Carbon Sucker: CR5
What carbon dioxide has to do with national security and a dog’s tail.
By Maria Popova
Recycling alone won’t do it, carbon offsets are a joke, and geoengineering is a bandaid at best. Even our most committed resolve to change our unsustainable ways may just take too long to prevent the grim consequences of decades of wasteful consumption. Let’s face it, the best solution to our climate pickle would be to suck the carbon dioxide right out of the atmosphere and be done with it.
Luckily, researcher Rich Diver at Sandia National Laboratories, a U.S. facility developing national security products through science and technology, has been working on just that — and then some. (Because, at this point, the climate crisis is a matter of trans-national security.) He has developed a prototype for a machine that uses solar energy to convert carbon dioxide waste from power plants into transportation fuels like gasoline, diesel, and jet fuel — an interesting alternative to carbon sequestration where, instead of stashing CO2 in underground storage, carbon dioxide can actually be put right back into the energy system.

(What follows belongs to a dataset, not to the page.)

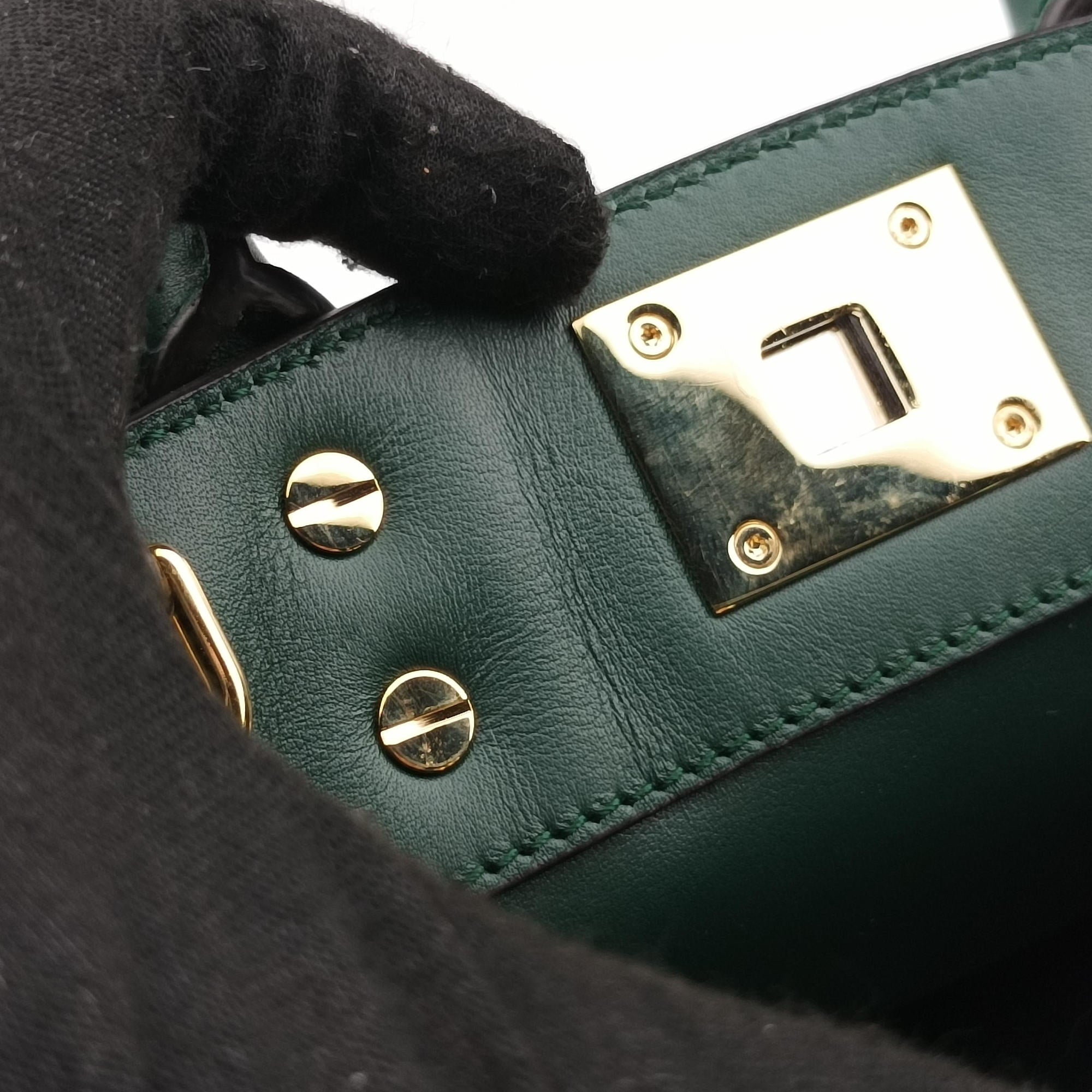 Pre-owned Ferragamo Studio Green Calfskin  shoulderbag | stylenewstar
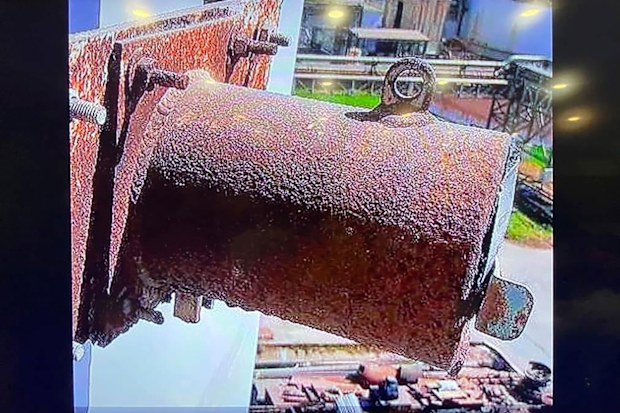 The missing radioactive cylinder in Thailand was a steel tube, 30 cm  long with a diameter of 13 cm.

The device, called the Counter-Rotating-Ring Receiver Reactor Recuperator (CR5), may take 15-20 years before it becomes an efficient market-ready technology. (Researchers want to pump up its efficiency to a few percent, double that of real-world photosynthesis.) And, of course, there’s still the glaring issue of using energy waste to create non-clean-burning energy, which in turn creates more waste — no dog chasing its tail ever got anywhere.
But we still think the development is important — not even because of the actual technology, but because of what it connotes: A large-scale effort from governments, institutions and scientists to brainstorm possible solutions and really get their hands dirty until they find the right ones, the ones that both help undo decades worth of damage and offer long-term solutions for the future.
Meanwhile, though, you should still recycle, you know. And don’t forget today (if you’re in the U.S. — tomorrow if you’re anywhere else) is Buy Nothing Day.